#### Data block
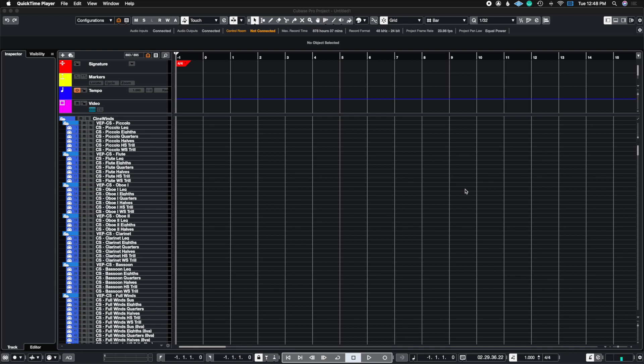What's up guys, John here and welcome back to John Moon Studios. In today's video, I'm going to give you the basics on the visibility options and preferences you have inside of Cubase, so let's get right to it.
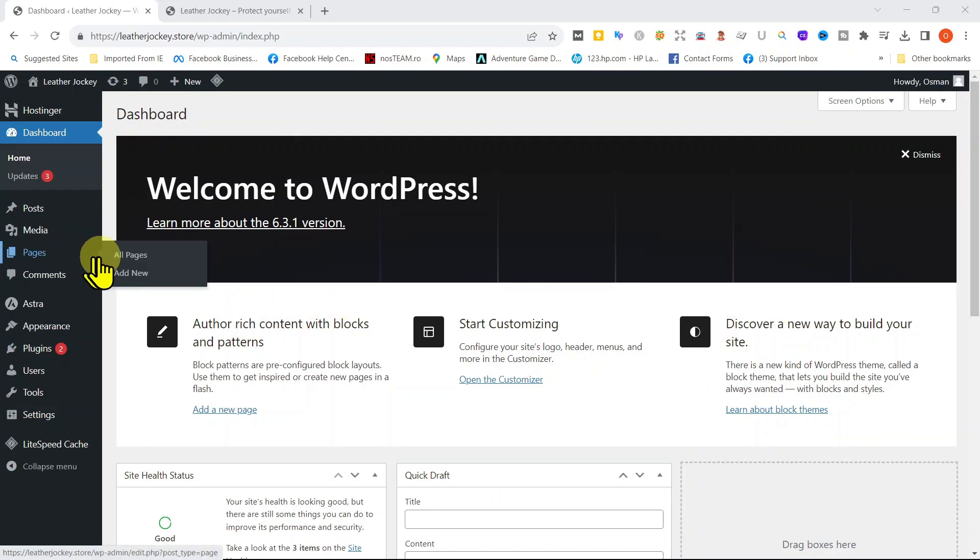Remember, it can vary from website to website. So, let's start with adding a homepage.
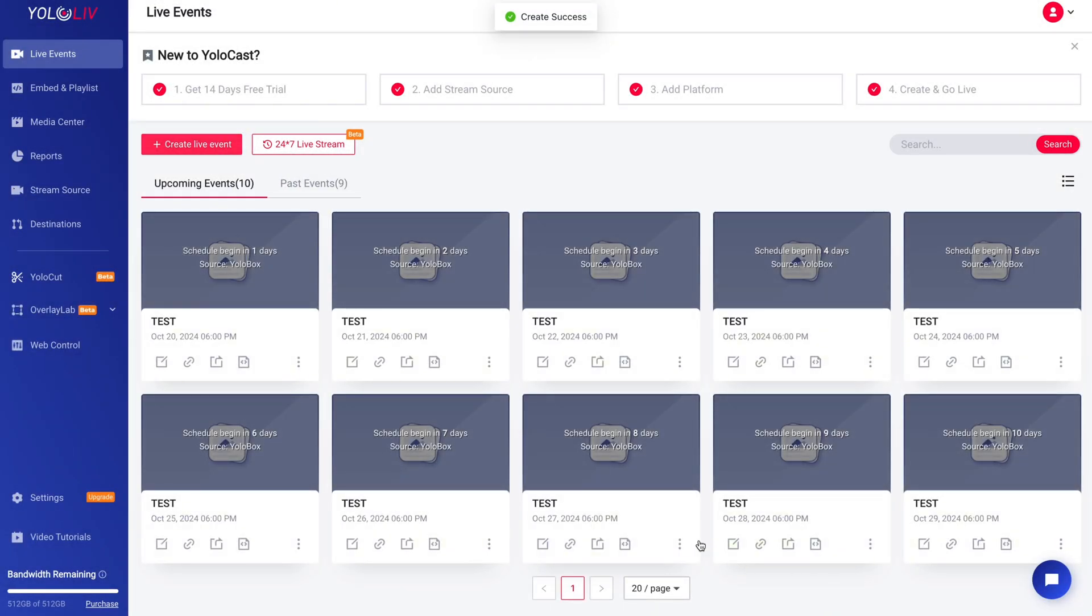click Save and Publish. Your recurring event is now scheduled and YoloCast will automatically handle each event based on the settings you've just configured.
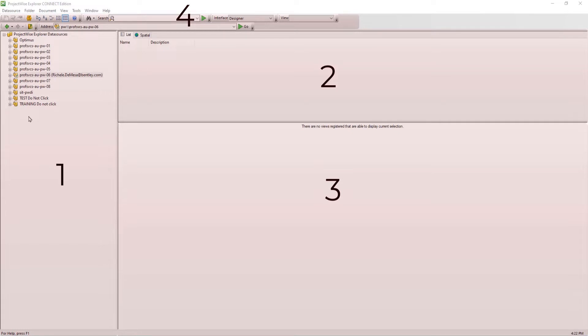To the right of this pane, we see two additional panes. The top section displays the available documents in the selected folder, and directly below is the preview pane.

#### What you are asked to do
The copy must reproduce the listing above verbatim and contain no pictures.

#### Your solution
What's up guys, John here and welcome back to John Moon Studios. In today's video, I'm going to give you the basics on the visibility options and preferences you have inside of Cubase, so let's get right to it.
Remember, it can vary from website to website. So, let's start with adding a homepage.
click Save and Publish. Your recurring event is now scheduled and YoloCast will automatically handle each event based on the settings you've just configured.
To the right of this pane, we see two additional panes. The top section displays the available documents in the selected folder, and directly below is the preview pane.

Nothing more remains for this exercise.